The Good Struggle: Responsible Leadership In an Unforgiving World
by Joseph L. Badaracco, Harvard Business School Press, 203 pages, $25.00, Hardcover, October 2013, ISBN 9781422191644
Joseph Badaracco takes a particularly unnerving stance to open his new book, The Good Struggle.
Markets, rather than religion or government or family or ideology, seem to be the most dynamic and powerful force in our world.
Badaracco was researching leadership on the small business level when he realized that there was no longer a clear separation between big business and small business, and that “the entrepreneur’s world is becoming almost everyone’s world.” The result of this change is an unending variability or chaos that makes leadership a constant struggle.
With big no longer a value in our culture, there is additional chaos because so much has been modularized. And with modularization there are less givens, more complexity, more room for varied interpretation, for good or for ill. “The natural instinct in these circumstances,” Badaracco posits, “is to take care of yourself, here and now, and follow Bertolt Brecht’s adage about bread before ethics.” And so, this book, like his previous book, the excellent Questions of Character, centers on doing the right thing during those turning points when leaders must make difficult decisions in the face of great responsibility.
Badaracco makes the case that markets are now the primary governors of accountability and form a “horizontal accountability” rather than a vertical hierarchy:
Leaders and companies make commitments in markets.
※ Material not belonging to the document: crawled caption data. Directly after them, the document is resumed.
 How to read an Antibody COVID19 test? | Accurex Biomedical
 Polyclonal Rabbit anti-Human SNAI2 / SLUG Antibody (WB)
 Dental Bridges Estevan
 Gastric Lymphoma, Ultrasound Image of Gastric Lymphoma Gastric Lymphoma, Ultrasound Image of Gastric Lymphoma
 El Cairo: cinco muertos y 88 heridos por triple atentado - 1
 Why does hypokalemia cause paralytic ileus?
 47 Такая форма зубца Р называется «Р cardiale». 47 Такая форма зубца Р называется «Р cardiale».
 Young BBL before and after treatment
If a company succeeds, markets make more resources available and give companies and their leaders more discretion. If a company fails, markets withdraw resources and put their leaders on shorter leashes.
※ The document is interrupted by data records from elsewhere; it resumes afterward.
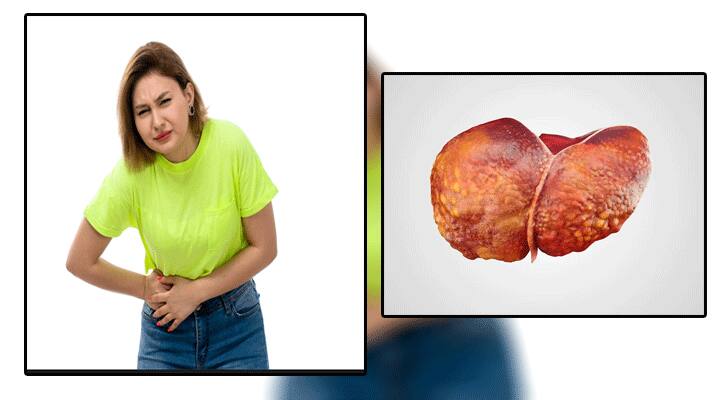 fatty liver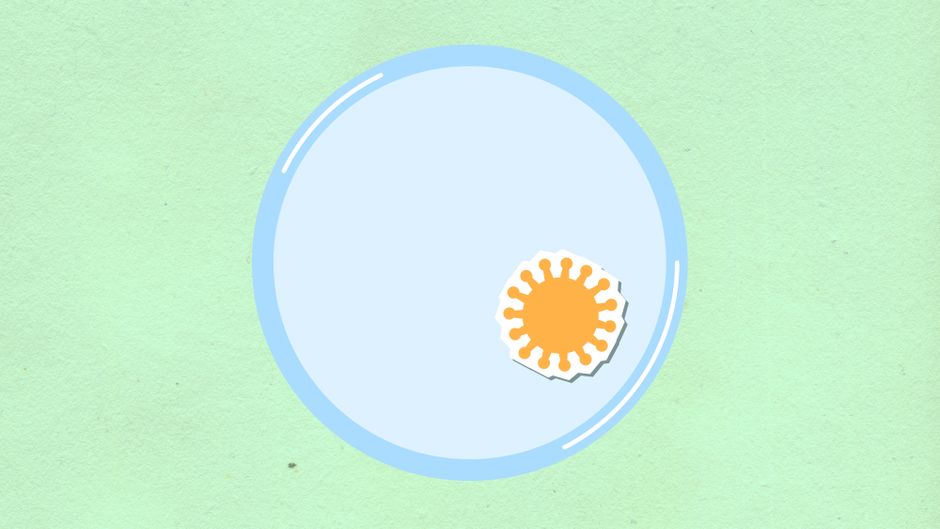 what is a basophil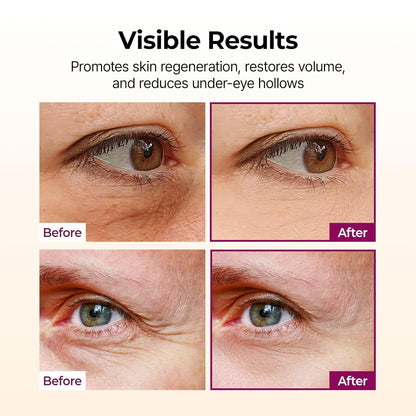 Rebuild Skin Elasticity Layer by Layer With Targeted Multi-Collagen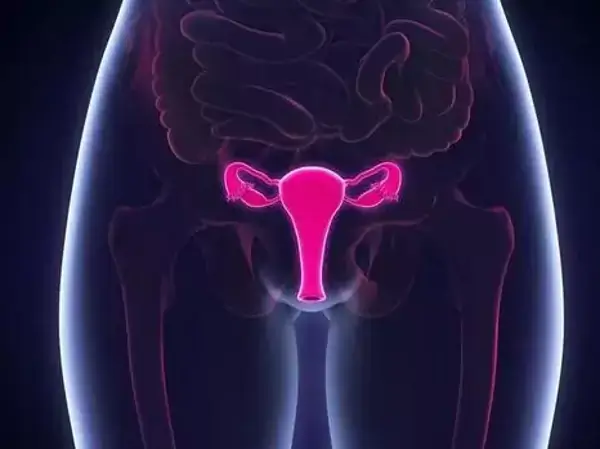 会引起不孕的子宫疾病有哪些(图1) 子宫畸形则是指子宫形态不规则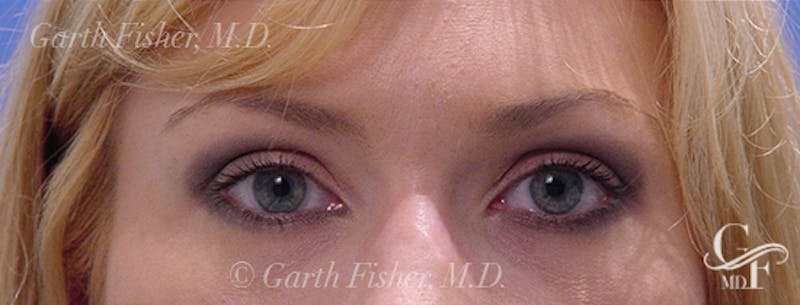 Blepharoplasty Before & After Gallery - Patient 933332 - Image 2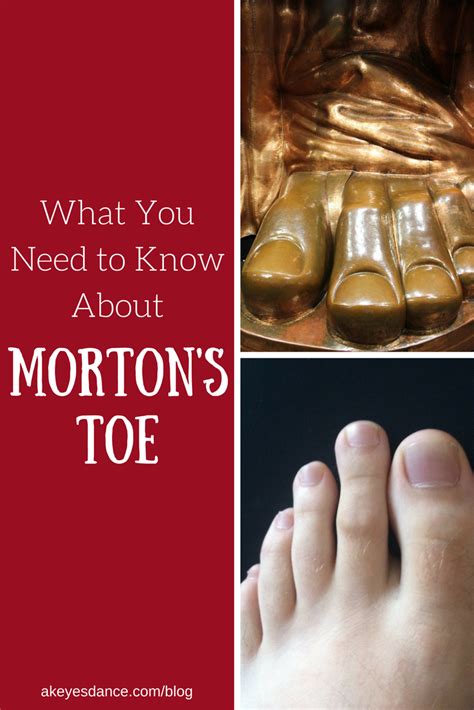 What is the Morton's toe in astrology?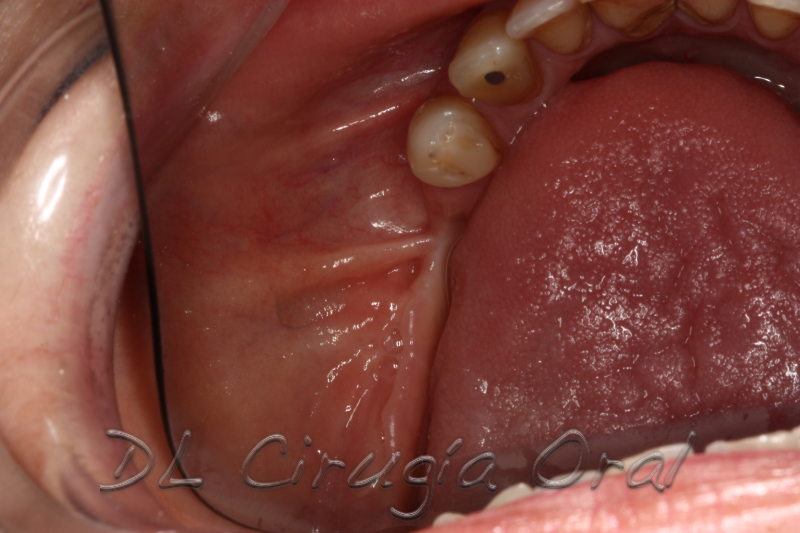 atrophic posterior mandible reconstruction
The changing face of business has also forced leaders to handle decision-making differently. “Entrepreneurs,” he writes, “have to make decisions with scant information, little or no staff to do detailed analysis, no budget for consultants, scarce time for decisions, and little room for error.” Instead of long-term strategies and well-researched changes of course, a new type of decision-making is needed that Badaracco calls “evolving commitments” or “pledges” that takes into consideration the ever-changing small modules by remaining fluid, adjustable.
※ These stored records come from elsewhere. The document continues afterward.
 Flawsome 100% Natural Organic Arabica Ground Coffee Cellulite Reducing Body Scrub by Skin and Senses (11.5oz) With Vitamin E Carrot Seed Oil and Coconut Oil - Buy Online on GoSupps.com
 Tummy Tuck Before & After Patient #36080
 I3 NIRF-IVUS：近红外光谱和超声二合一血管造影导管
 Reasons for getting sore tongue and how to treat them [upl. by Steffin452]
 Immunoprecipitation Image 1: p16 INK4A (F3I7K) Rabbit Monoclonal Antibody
These commitments can be led by leaders asking themselves, “Do We Have the Right Core Values?” As things change so rapidly both internally and externally companies must have a pole star to set course by. And that is also what this book serves as. More people are finding themselves more responsible for more choices. If you feel lost in an ever-changing world in which you never feel comfortable or clear, read The Good Struggle for a better sense of why, how you can adapt, and how you can create a steady platform to stand on—if only for a moment.